Simple hyperparameter and architecture search in tensorflow with ray tune
In a previous blog post I have shown a very clean method on how to implement efficient hyperparameter search in tensorflow from scratch. I presented population-based training, an evolutionary method that allows cheap and adaptive hyperparameter search by changing hyperparameters already during training instead of having to train until convergence before the resulting performance statistics can be used to inform the choice of hyperparameters. That said, the vanilla version I presented had two major downsides: The training was not distributed out of the box and also required that the graph is constructed in the beginning and can be reused for different parameter settings.
In this blog post we want to look at the distributed computation framework ray and its little brother ray tune that allow distributed and easy to implement hyperparameter search. It not only supports population-based training but also other hyperparameter search algorithms. Ray and ray tune support any autograd package, including tensorflow and PyTorch.
Setting up ray
Install ray on all your machines
pip install ray
If you only have a single machine at your disposal (it will make use of all local CPU and GPU resources), initialize ray with
import ray
ray.init()
Otherwise, pick a machine to be the head node
ray start --head --redis-port=6379
and connect your other instances
ray start --redis-address=HEAD_HOSTNAME:6379
Finally, run your code on any node
import ray
ray.init(redis_address='HEAD_HOSTNAME:6379')
Having done that, we are ready to distribute tasks such as hyperparameter tuning. More information on how to set up a cluster can be found here.
Implementing your model
We will need to implement a model using the following skeleton. You should be able to plug in your existing tensorflow code easily:
import ray.tune as tune
class Model:
# TODO implement
class MyTrainable(Trainable):
def _setup(self):
# Load your data
self.data = ...
# Setup your tensorflow model
# Hyperparameters for this trial can be accessed in dictionary self.config
self.model = Model(self.data, hyperparameters=self.config)
# To save and restore your model
self.saver = tf.train.Saver()
# Start a tensorflow session
self.sess = tf.Session()
def _train(self):
# Run your training op for n iterations
for _ in range(n):
self.sess.run(self.model.training_op)
# Report a performance metric to be used in your hyperparameter search
validation_loss = self.sess.run(self.model.validation_loss)

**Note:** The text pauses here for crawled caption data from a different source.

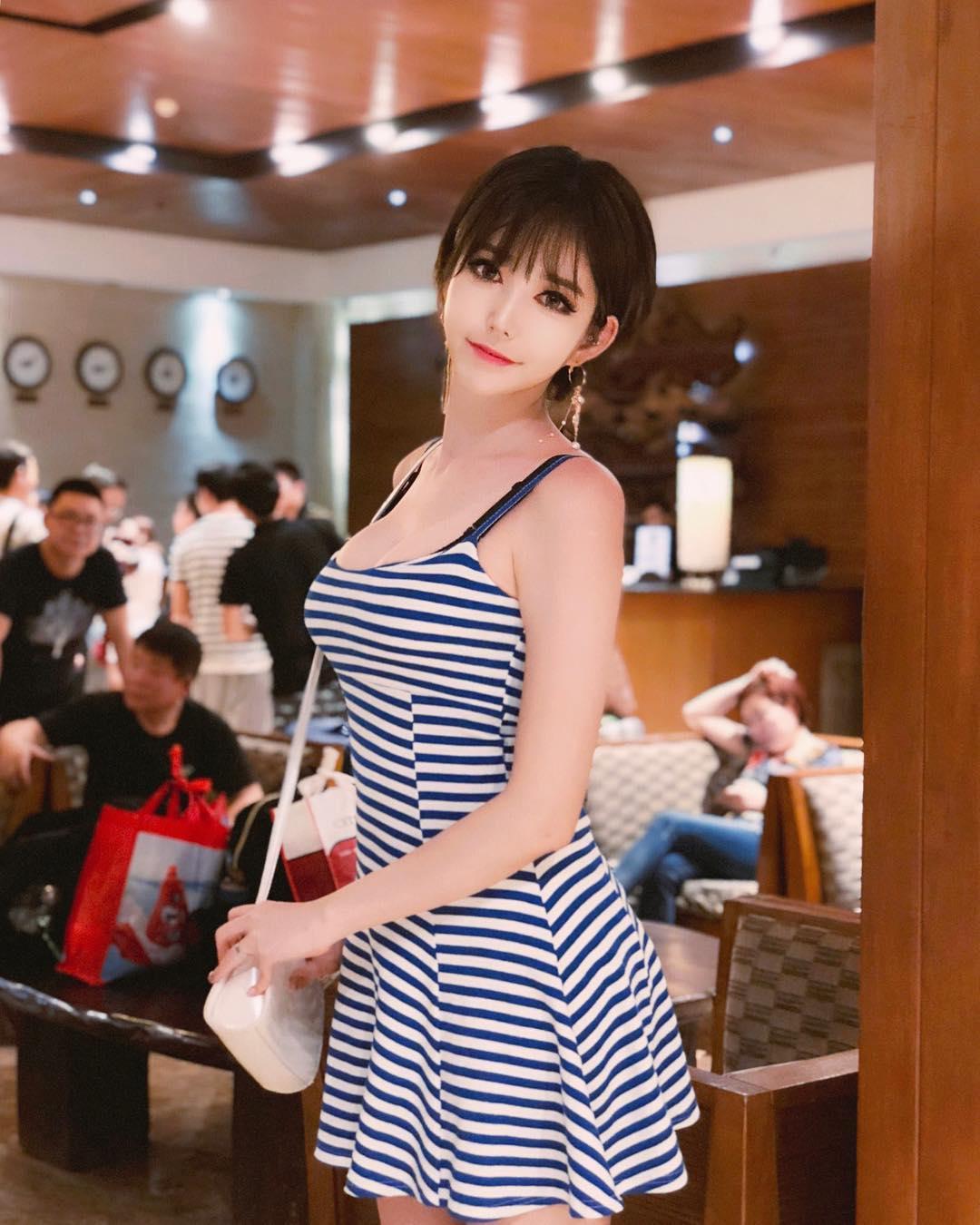 韩国短发美人崔疎曳私房照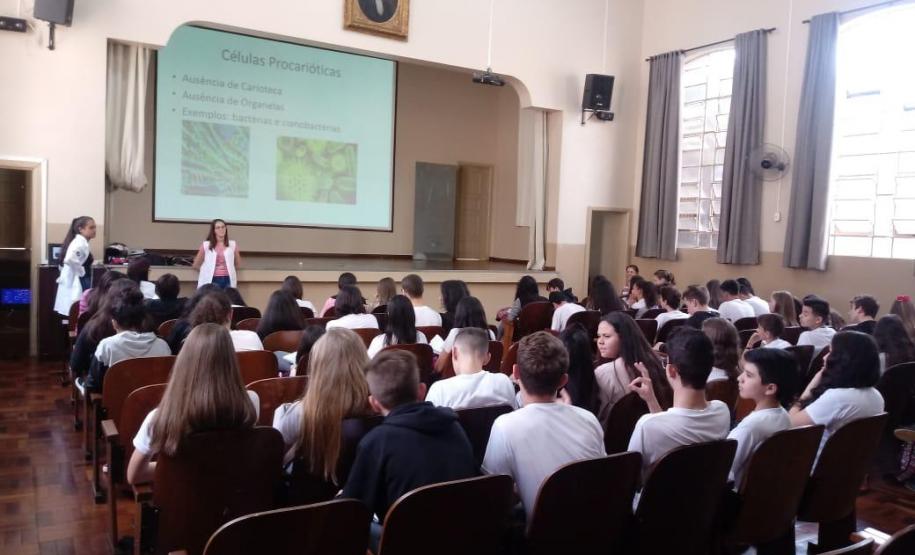 Residência pedagógica prepara alunos para o PAC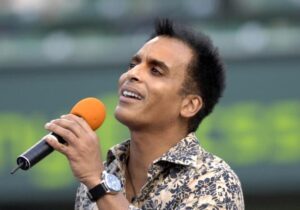 Jon Secada Net Worth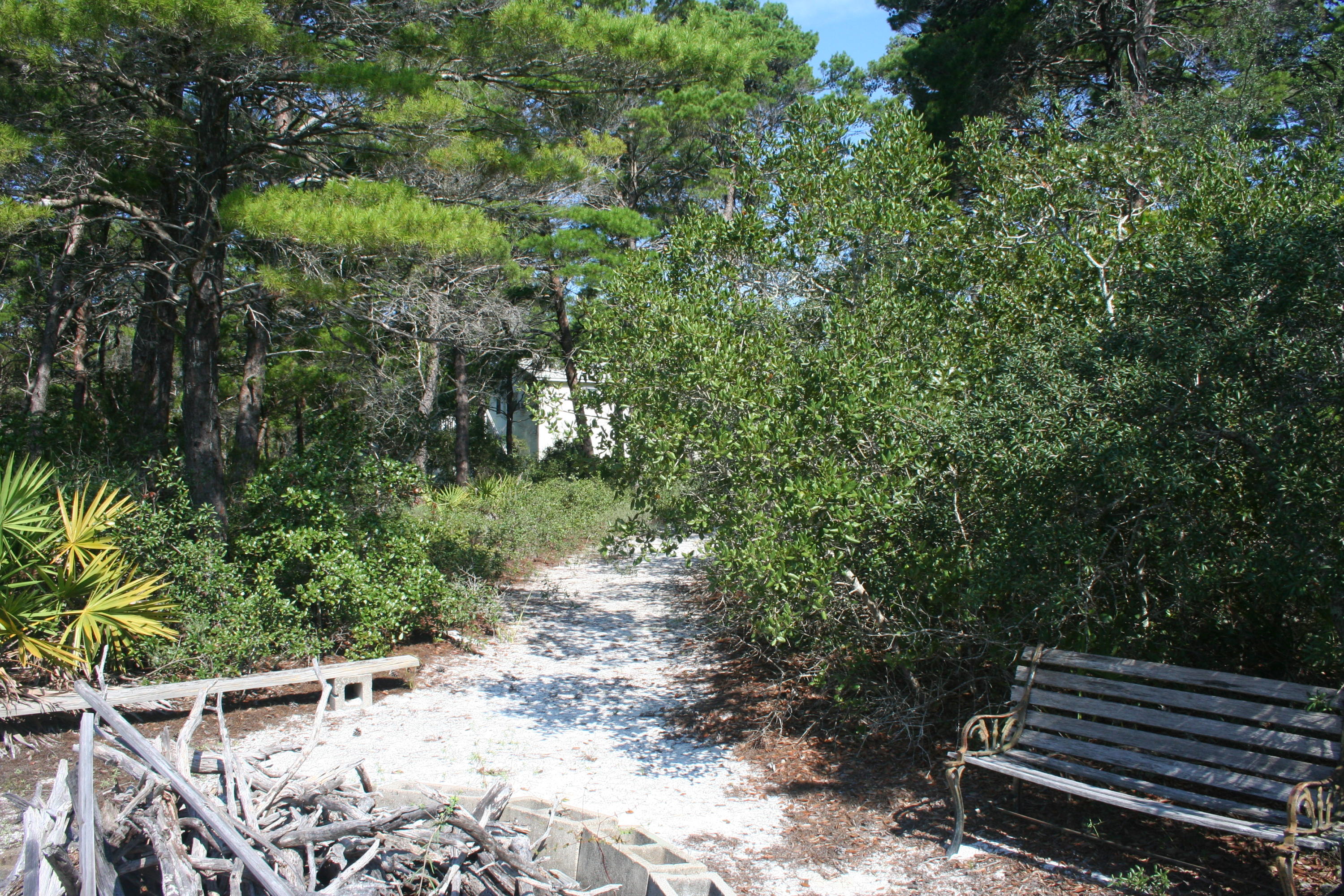 NO RECORDED SUBDIVISION - Land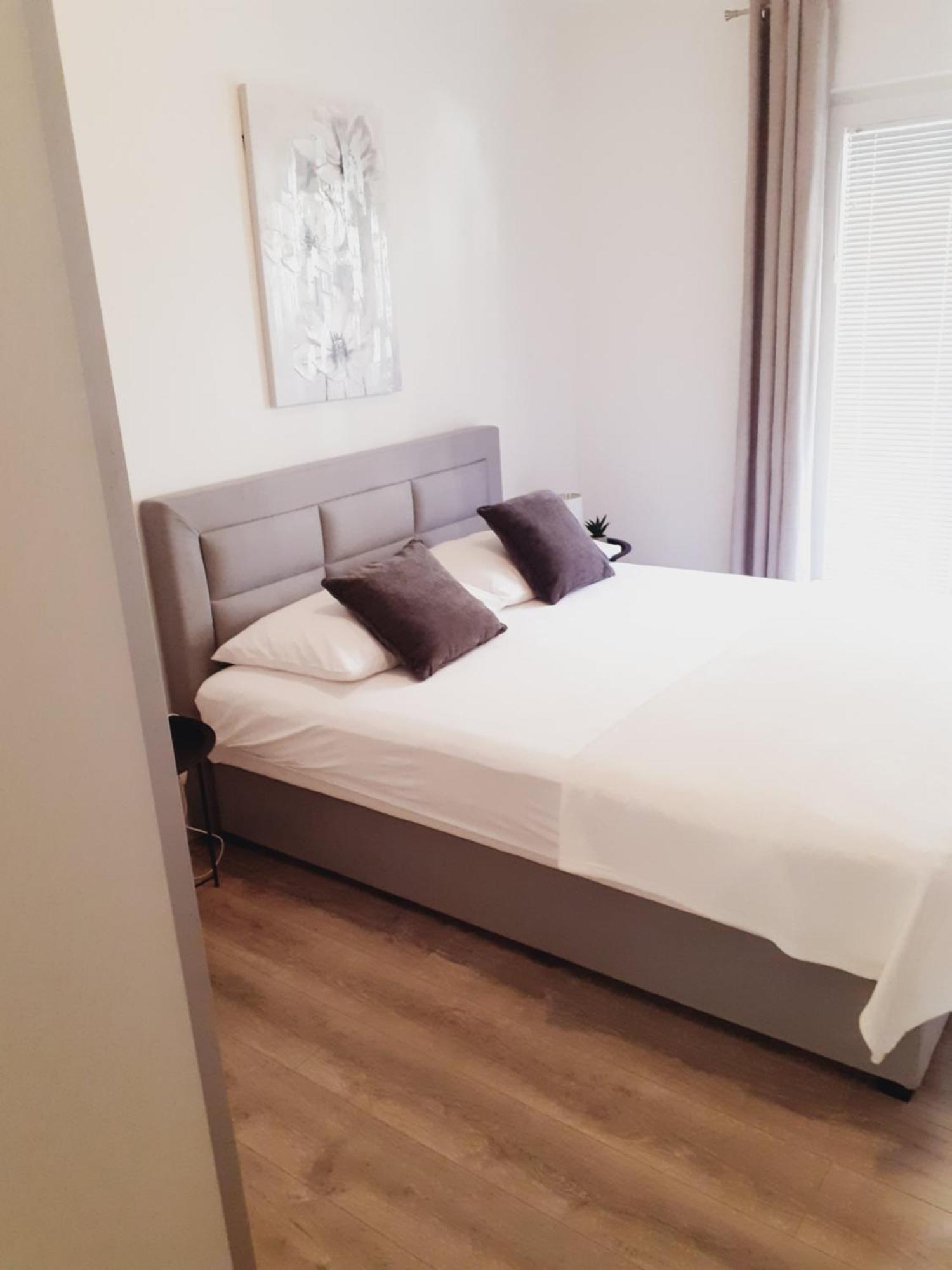 Tonka Apartments Gradac  Rum bild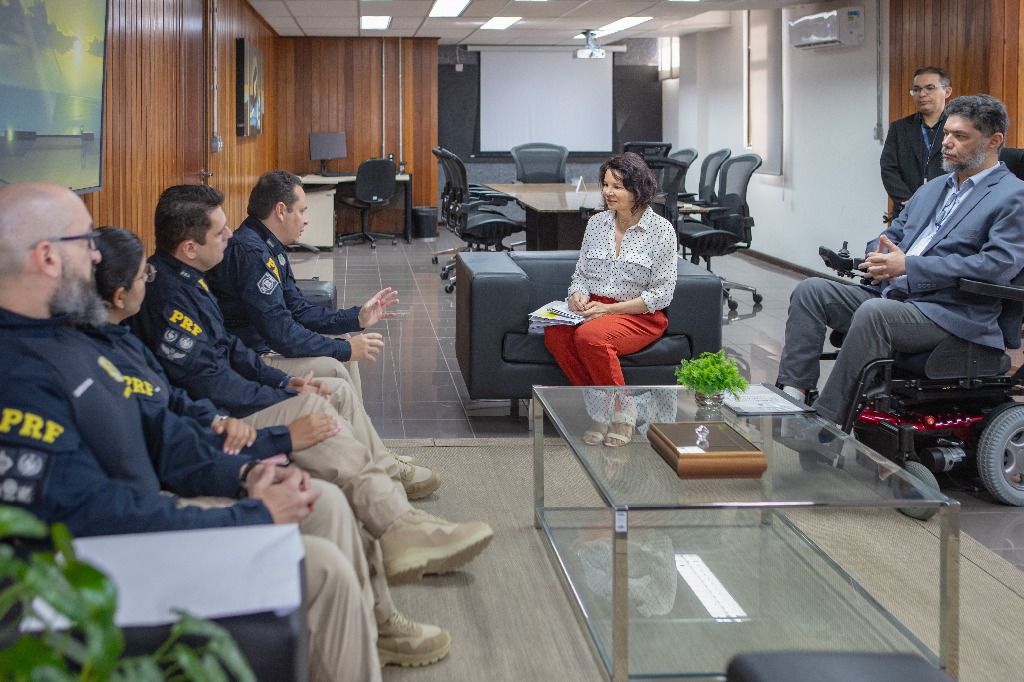 Visita PRF Assinatura Acordo-2.jpg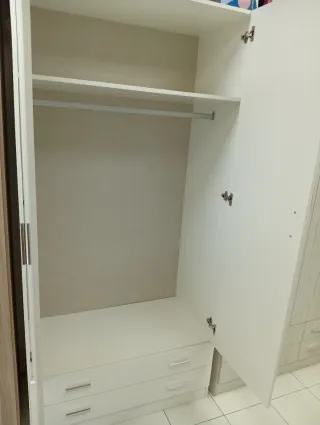 Armario 2 puertas blanco y madera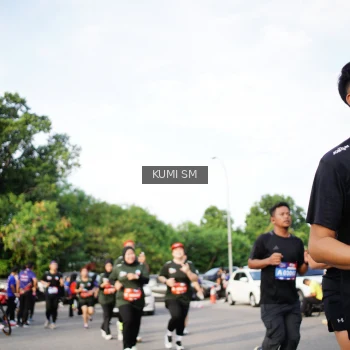 Runner Photo 3665746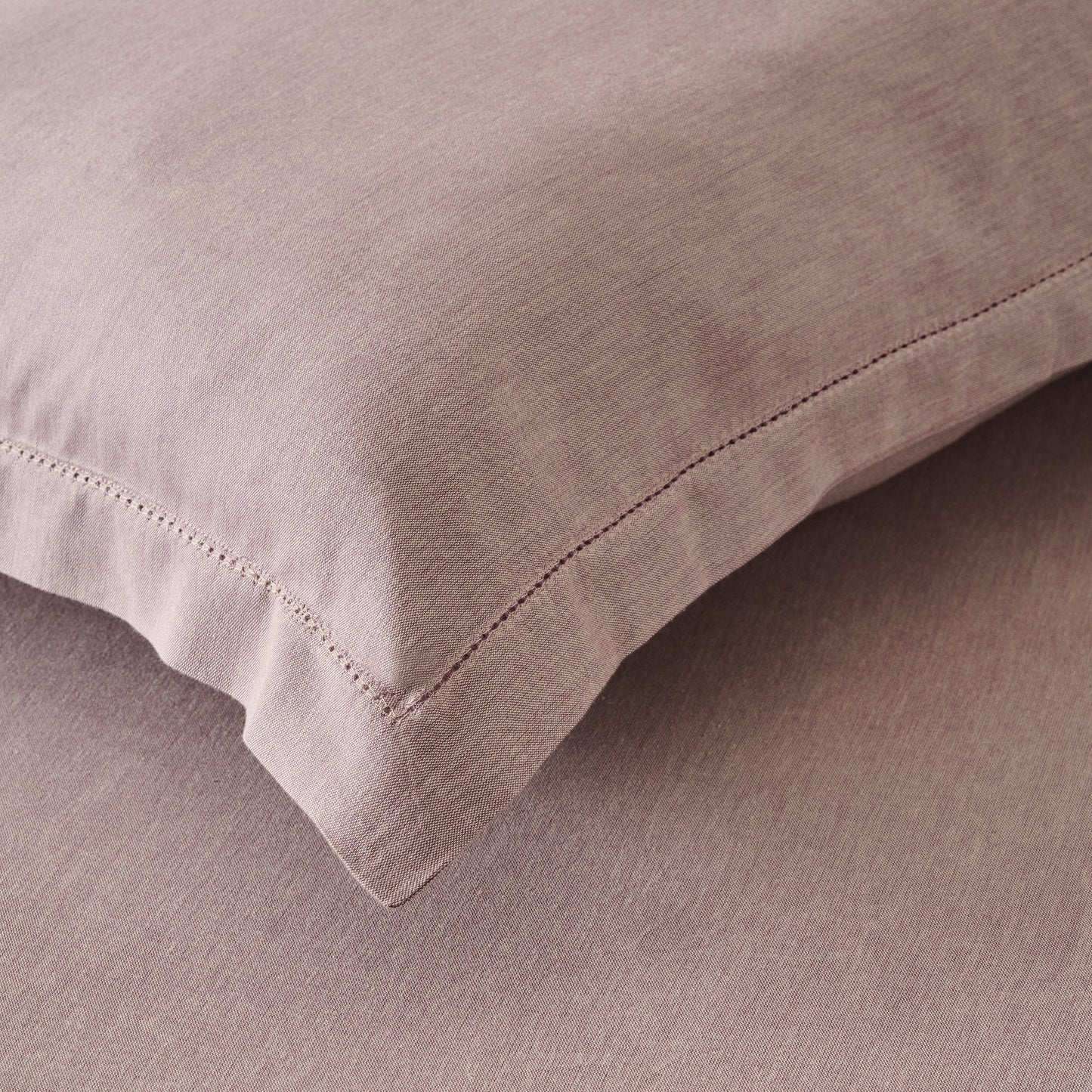 Bedsheet | Cotton Bamboo Chambray Dual-Tone | Dusty Amethyst With 2 Pillow Shams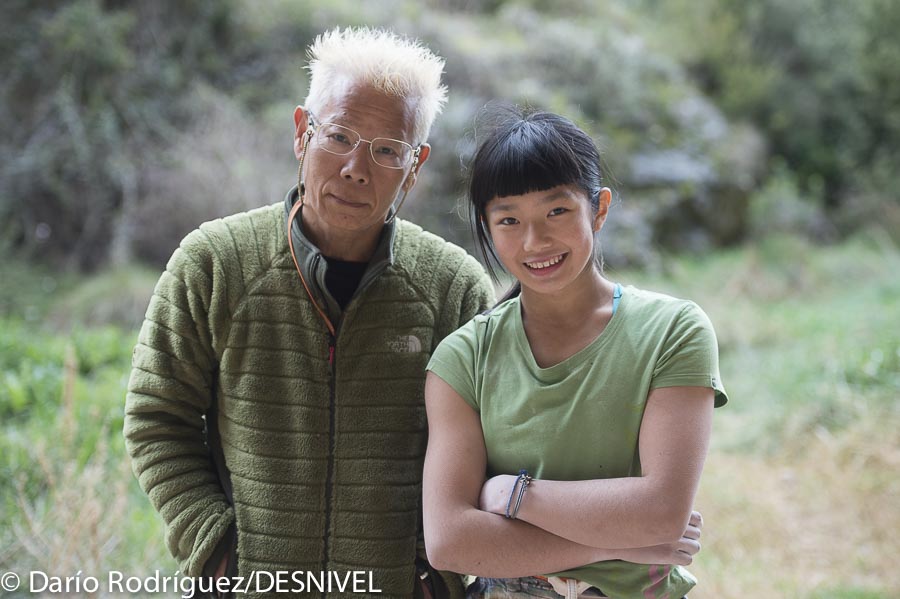 Ашима Шираиши (Ashima Shiraishi) со своим отцом в Испании. март 2015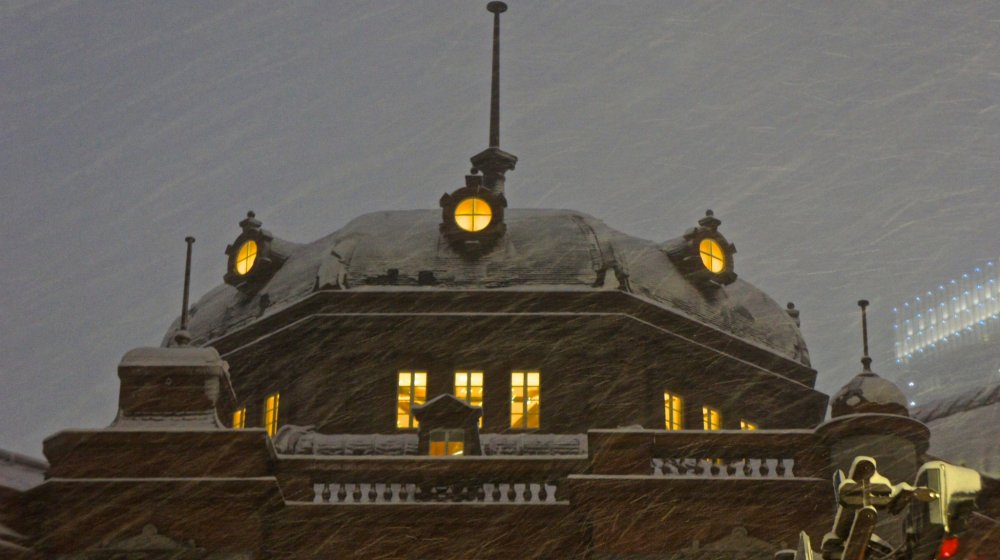 The snowfalls in 2013 and 2014 have&nbsp;been heavy enough that the snow could&nbsp;accumulate&nbsp;on the top of the station building&mdash;a&nbsp;snow cap!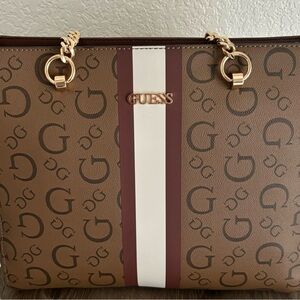 NWT Guess Tote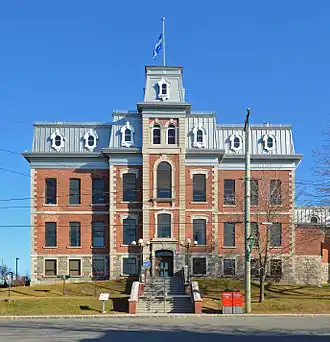 Le palais de justice.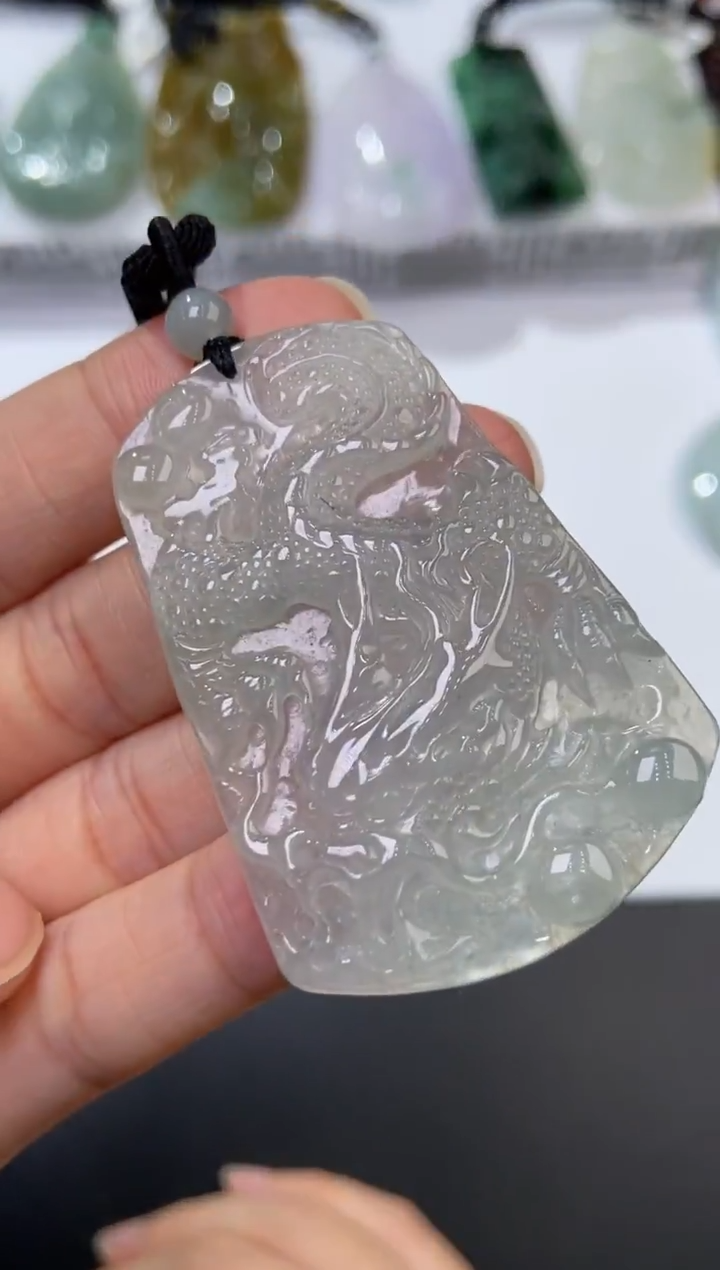 未镶嵌挂件翡翠374944  多人 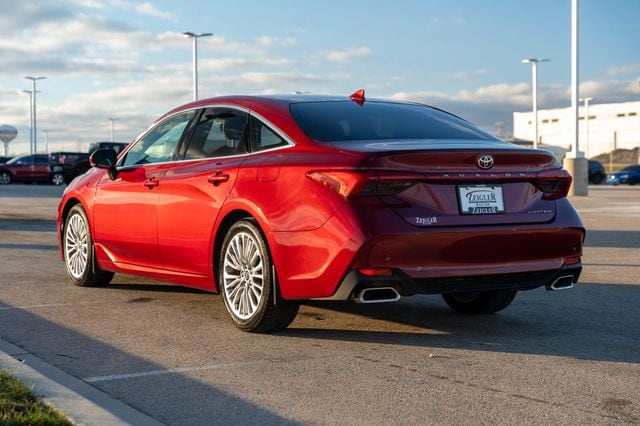 2020 TOYOTA AVALON - Image 5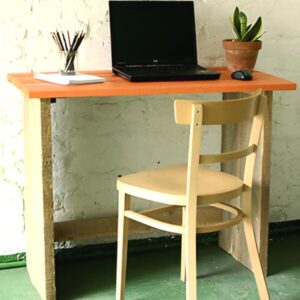 DIY : Bureau en planches de bois brut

return tune.TrainingResult(timesteps_this_iter=n, mean_loss=validation_loss)
def _stop(self):
self.sess.close()
# This function will be called if a population member
# is good enough to be exploited
def _save(self, checkpoint_dir):
path = checkpoint_dir + '/save'
return self.saver.save(self.sess, path, global_step=self._timesteps_total)
# Population members that perform very well will be
# exploited (restored) from their checkpoint
def _restore(self, checkpoint_path):
return self.saver.restore(self.sess, checkpoint_path)
A new Trainable will be instantiated and executed on an available GPU in your cluster / on your machine for each trial or population member (each having their own hyperparameters) in your population-based training.
Setting up ray tune
Next, register your trainable and specify your experiments
import numpy as np
tune.register_trainable('MyTrainable', MyTrainable)
train_spec = {
'run': 'MyTrainable',
# Specify the number of CPU cores and GPUs each trial requires
'trial_resources': {'cpu': 1, 'gpu': 1},
'stop': {'timesteps_total': 20000},
# All your hyperparameters (variable and static ones)
'config': {
'batch_size': 20,
'units': 100,
'l1_scale': lambda cfg: return np.random.uniform(1e-3, 1e-5),
'learning_rate': tune.random_search([1e-3, 1e-4])
...
},
# Number of trials
'repeat': 4
}
The entry ‘repeat’ describes the number of trials / population members.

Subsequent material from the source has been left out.